> **PROBLEM TO SOLVE**
Your answer should hold exactly the lines below from the line with "Lampadaire SERENADE CCT" through the line with "Hoianan Boutique Hotel 会安 外观 照片", both included, and no pictures at all.

> **STUDY MATERIAL**
_ _ _ _ _ _ _

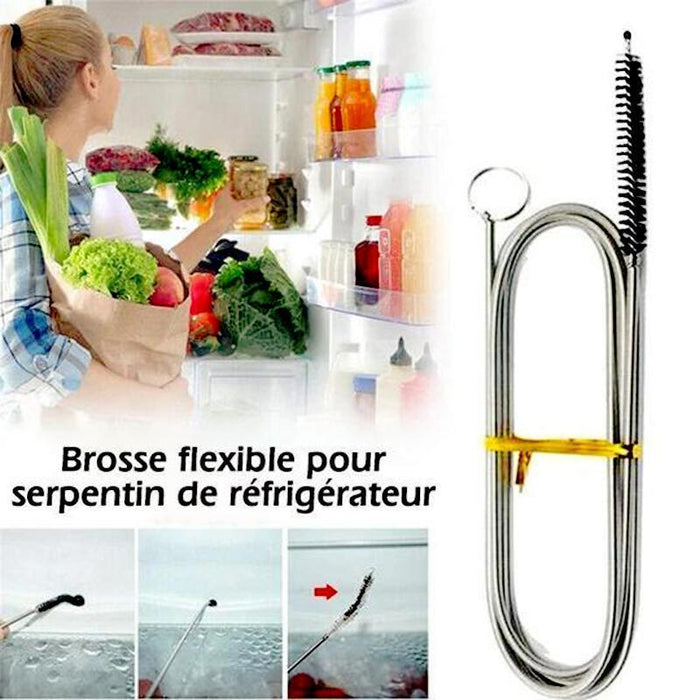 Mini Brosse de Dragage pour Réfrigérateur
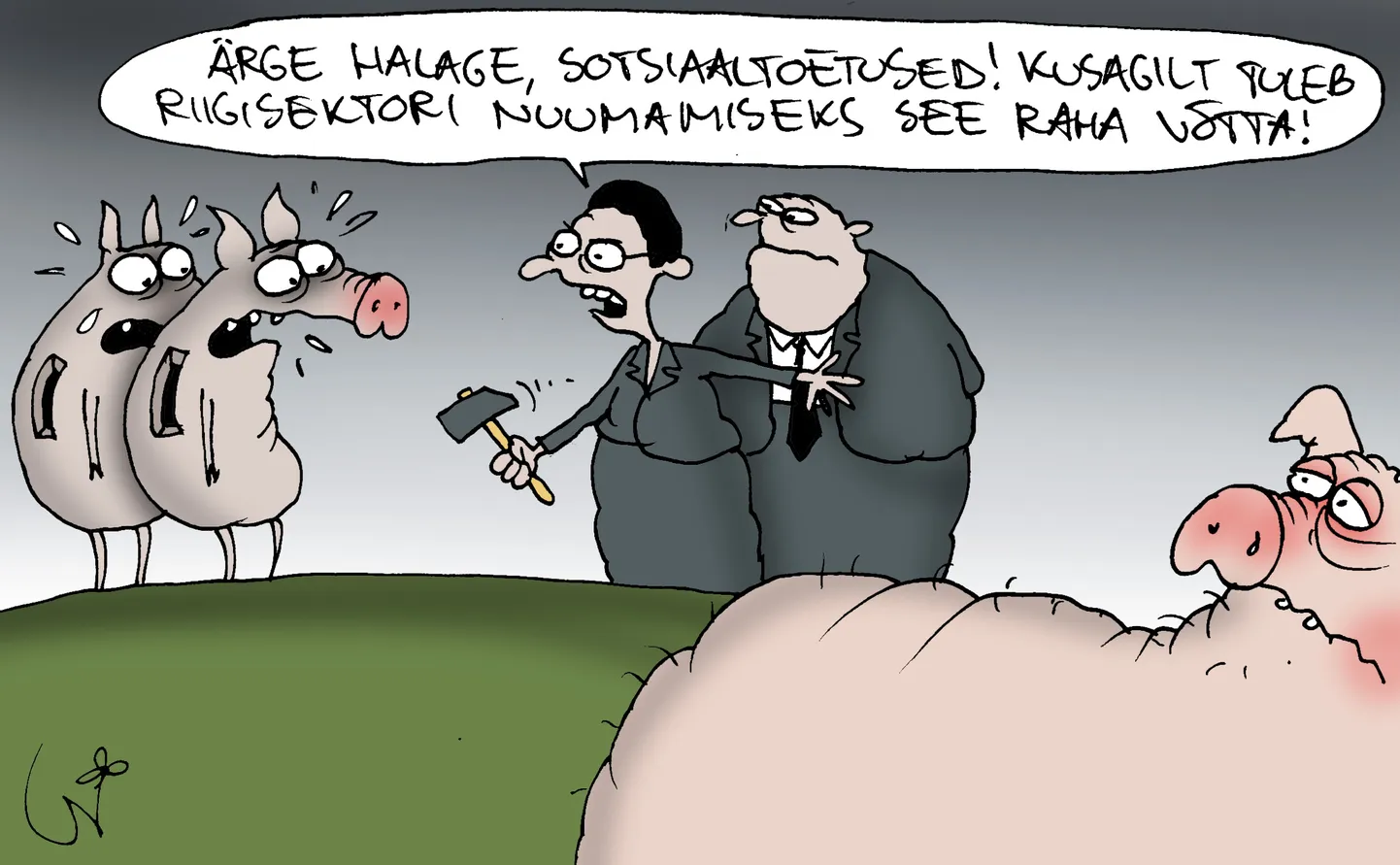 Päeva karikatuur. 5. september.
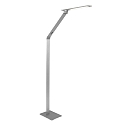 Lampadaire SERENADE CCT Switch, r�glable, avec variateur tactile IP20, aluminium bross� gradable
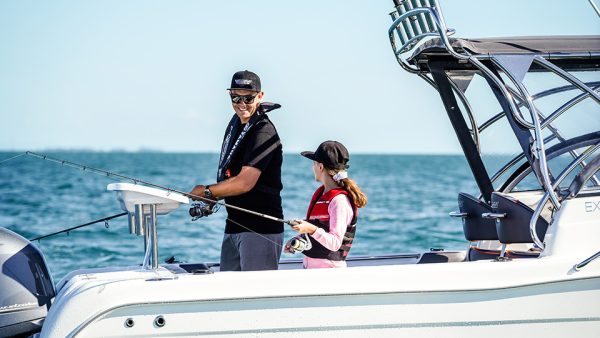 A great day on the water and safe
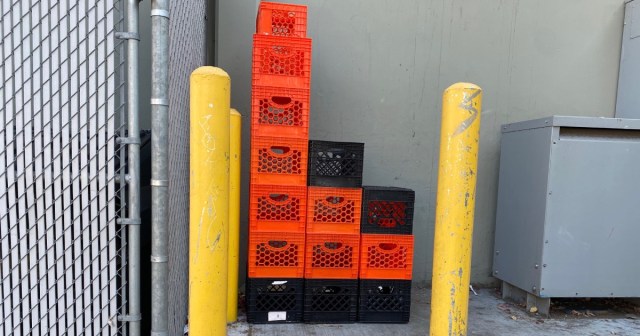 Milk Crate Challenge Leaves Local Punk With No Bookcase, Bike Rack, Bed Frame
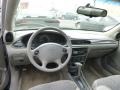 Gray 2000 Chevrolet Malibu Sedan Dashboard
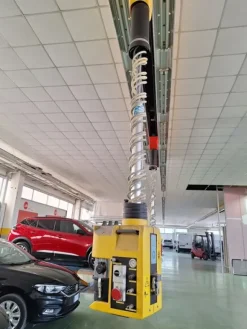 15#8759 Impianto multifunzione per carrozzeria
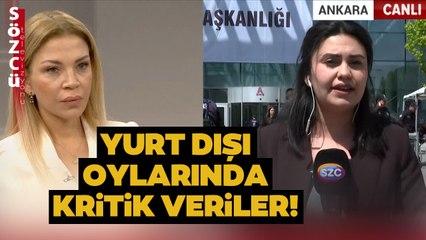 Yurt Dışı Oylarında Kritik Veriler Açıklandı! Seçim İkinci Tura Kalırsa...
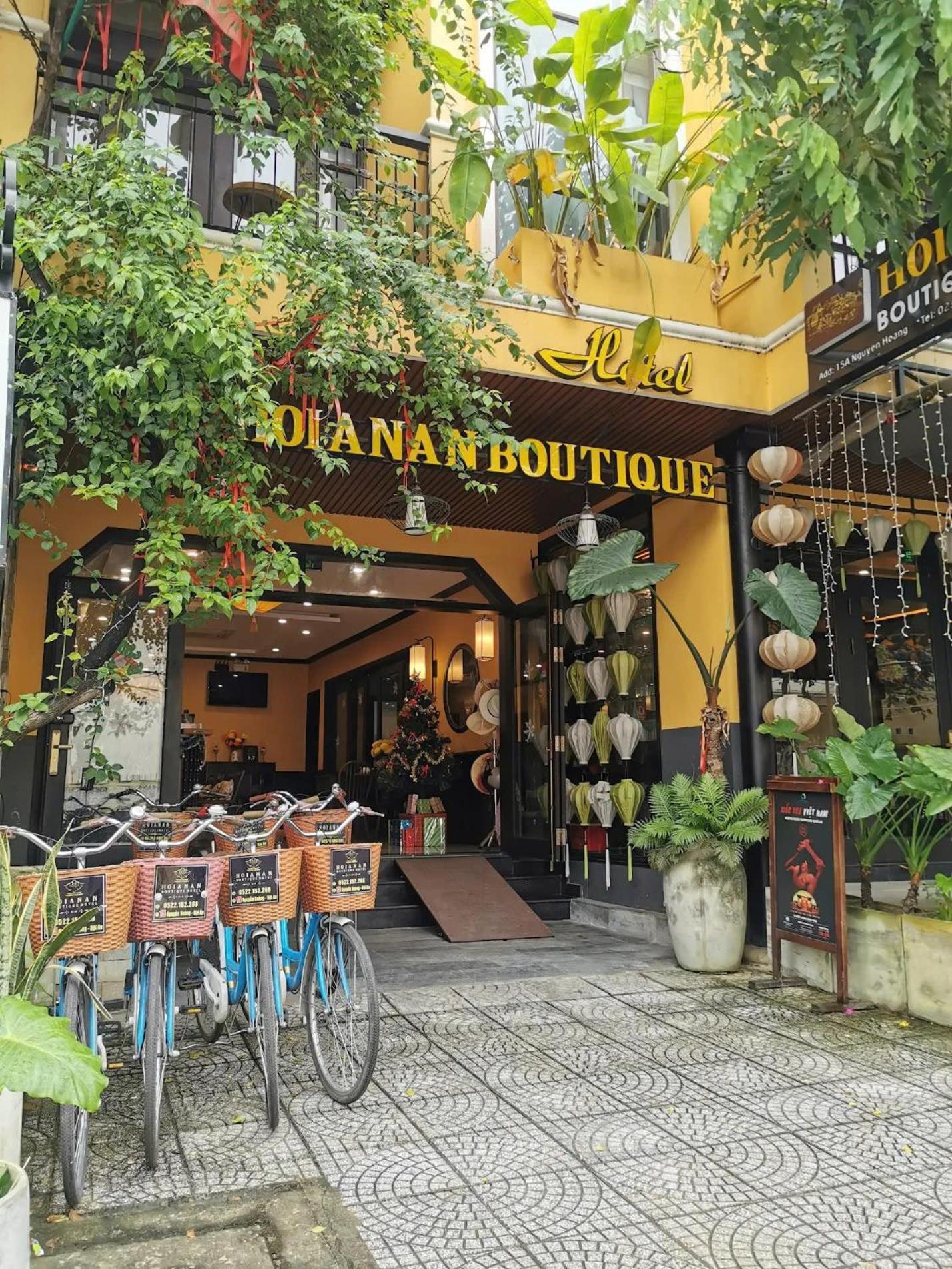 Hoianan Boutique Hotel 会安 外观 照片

_ _ _ _ _ _ _

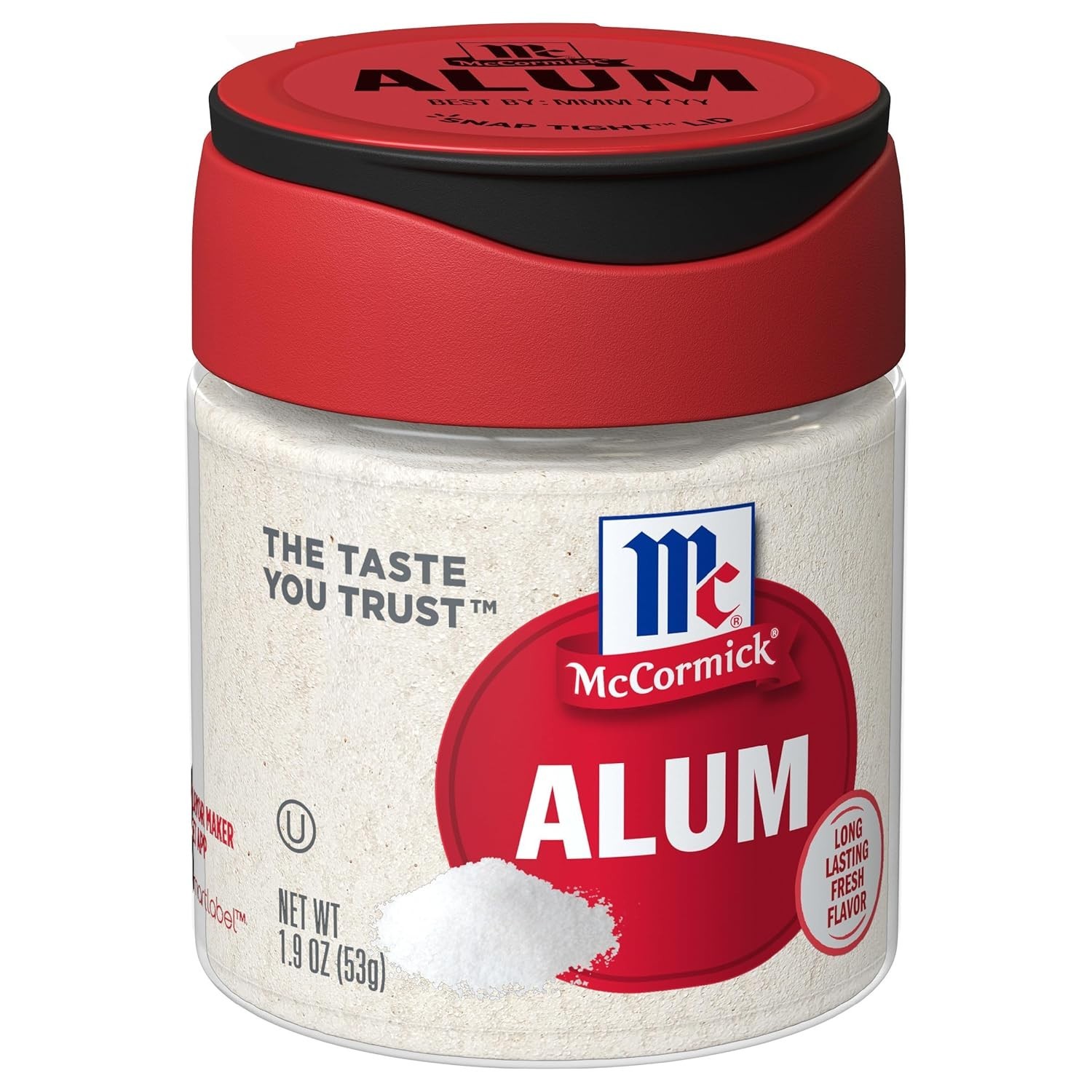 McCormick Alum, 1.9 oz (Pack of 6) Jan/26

_ _ _ _ _ _ _

> **RESPONSE AREA**
 Lampadaire SERENADE CCT Switch, r�glable, avec variateur tactile IP20, aluminium bross� gradable
 A great day on the water and safe
 Milk Crate Challenge Leaves Local Punk With No Bookcase, Bike Rack, Bed Frame
 Gray 2000 Chevrolet Malibu Sedan Dashboard
 15#8759 Impianto multifunzione per carrozzeria
 Yurt Dışı Oylarında Kritik Veriler Açıklandı! Seçim İkinci Tura Kalırsa...
 Hoianan Boutique Hotel 会安 外观 照片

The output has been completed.